As Black History Month comes to an end, we will continue to celebrate every day African Americans’ accomplishments and contributions to science, education, and the impacts they have made on generations to come.
Jasmine Nelson, a senior at John Carroll University studying Computer Science and a Software Engineering intern at Glenn Research Center, felt the influences of those who paved the way.
“My African American STEM-inspiration is Katherine Johnson. Katherine, a Black woman, born in the United States, was regarded as a computer long before computers were conceived. Katherine Johnson taught me to not let my race or gender hold me back from opportunities. Katherine, however, defied the racial and gender limitations of the time and became the first woman to be acknowledged as an author on a study paper in the Flight Research Division. Despite practically everything and everyone in her life telling her that she couldn’t achieve what she wanted, she opted to follow her passion nonetheless.”

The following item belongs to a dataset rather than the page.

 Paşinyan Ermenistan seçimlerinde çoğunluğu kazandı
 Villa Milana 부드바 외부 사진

Growing up, Jasmine didn’t see many people in STEM that looked like her. The names of famous Black scientists or engineers, let alone Black girls, were few and far between. “If at least one little Black girl sees me and thinks, “If she can do it, so can I!” then I have fulfilled my goal in life.”

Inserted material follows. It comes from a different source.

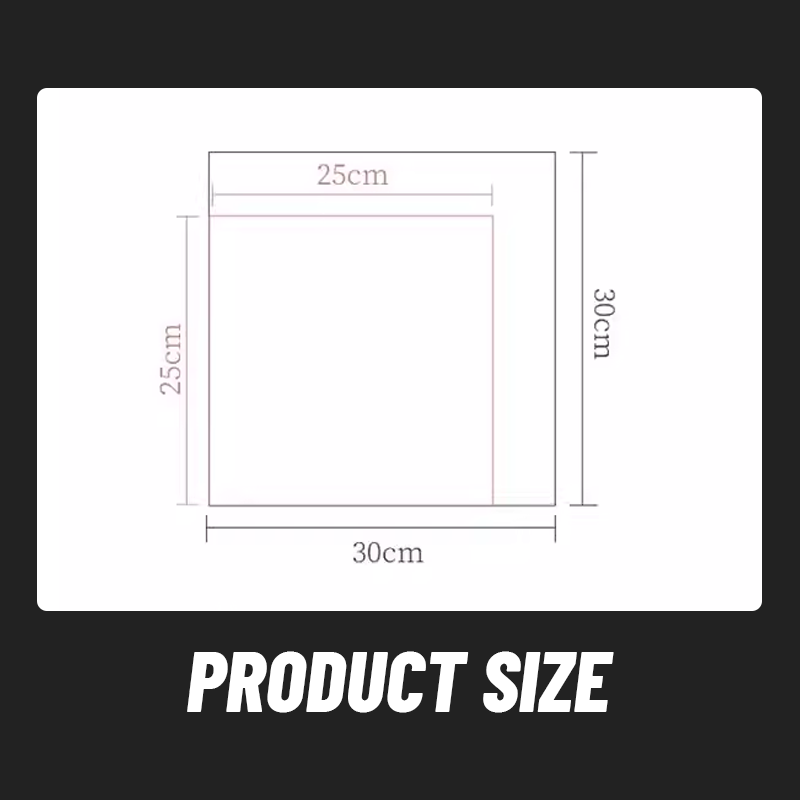 Kitchen Non-Stick Dishwashing Rag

Jasmine wants to inspire the next generation of Black women to follow their dreams no matter what challenges they face. “As a Black woman, there will be moments when you are the only Black person in the room, the only woman in the room, or often both. You may feel as though the settings were not designed for you, but I want young Black girls to realize that they have a place in any location that they qualify for, regardless of what others say.”
Jasmine can be her biggest cheerleader and her worst adversary. “Being a minority and a woman, you constantly feel like you have to put in extra effort or prove yourself to others that you are ‘worthy’ of being in the position you are in, to earn respect. What I’ve learned over time is that despite whatever misgivings others or myself may have about me, I’ve earned my seat at the table.”
Through her life and legacy, Jasmine wants to serve as a role model and an example of what Black women can accomplish. “Don’t be afraid to apply for jobs and internships in STEM, even if you may not think you are qualified for it. We often already have all the skills we need to achieve our dreams; we simply don’t realize it.”